Reputation: 15344
As part of a deploy task in Gradle, I want to change the value of a property in foo.properties
to point to a production database instead of a development database.
I'd rather not replace the whole file outright, as it's rather large and it means we would have to maintain two separate versions that only differ on a single line.
What is the best way to accomplish this?
Upvotes: 33
Views: 20816
Reputation: 5571
You can use ReplaceTokens
Say you have a file called db.properties
in src/main/java/resources/com.stackoverlow
(the location doesn't matter) with the following content
database.url=@url@
Note that the @
surrounding the url
text is required.
You can then define this in your build.gradle
file.
processResources {
filter ReplaceTokens, tokens: [
"url": "https://stackoverflow.com"
]
}
When you build your code, this would replace @url@
with https://stackoverflow.com
.
If you are only interested in applying this rule to a specific file, you can add a filesMatching
processResources {
filesMatching('**/db.properties') {
filter ReplaceTokens, tokens: [
"url": "https://stackoverflow.com"
]
}
}
See gradle doc for more explanation
Upvotes: 2
Reputation: 131
Create a properties object, then create the file object with the targeted properties file path, load the file on the properties object with load, set the desired property with setProperty, and save the changes with store.
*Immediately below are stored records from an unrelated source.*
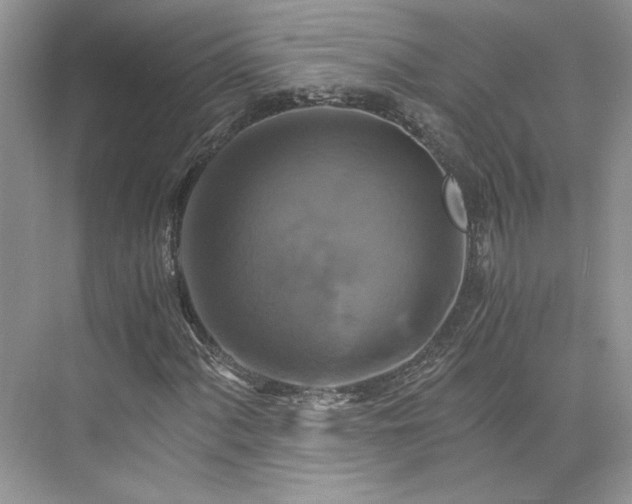 X0000075861060200609291542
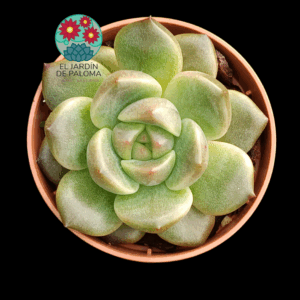 Echeveria Purple heart (importación)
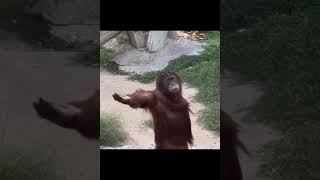 Orangutan Demands For Food.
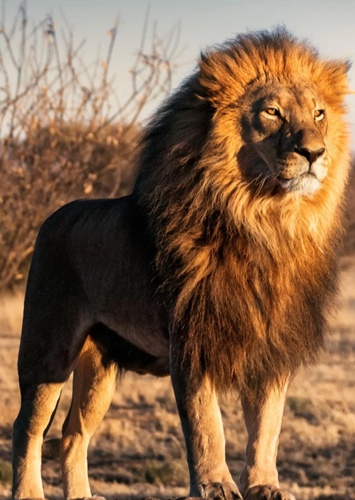 Lion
def var = new Properties()
File myfile = file("foo.properties");
var.load(myfile.newDataInputStream())
var.setProperty("db", "prod")
var.store(myfile.newWriter(), null)
Upvotes: 5
Reputation: 496
You can use the ant.propertyfile task:
ant.propertyfile(
file: "myfile.properties") {
entry( key: "propertyName", value: "propertyValue")
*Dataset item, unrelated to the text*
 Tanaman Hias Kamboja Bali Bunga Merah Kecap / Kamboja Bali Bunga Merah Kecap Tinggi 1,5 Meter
entry( key: "anotherProperty", operation: "del")
}
Upvotes: 41
Reputation: 21554
You should be able to fire off an ant "replace" task that does what you want: http://ant.apache.org/manual/Tasks/replace.html
ant.replace(file: "blah", token: "wibble", value: "flibble")
Upvotes: 7
Reputation: 123996
A simple solution is to code a task that uses java.util.Properties
to write the file. If you really want to incrementally update the file, you'll have to implement this on your own. Or maybe you find an Ant task that does what you want (all Ant tasks can be used as-is from Gradle). For best results, you should also declare the inputs and outputs of the task, so that Gradle only executes the tasks when the properties file needs to be changed.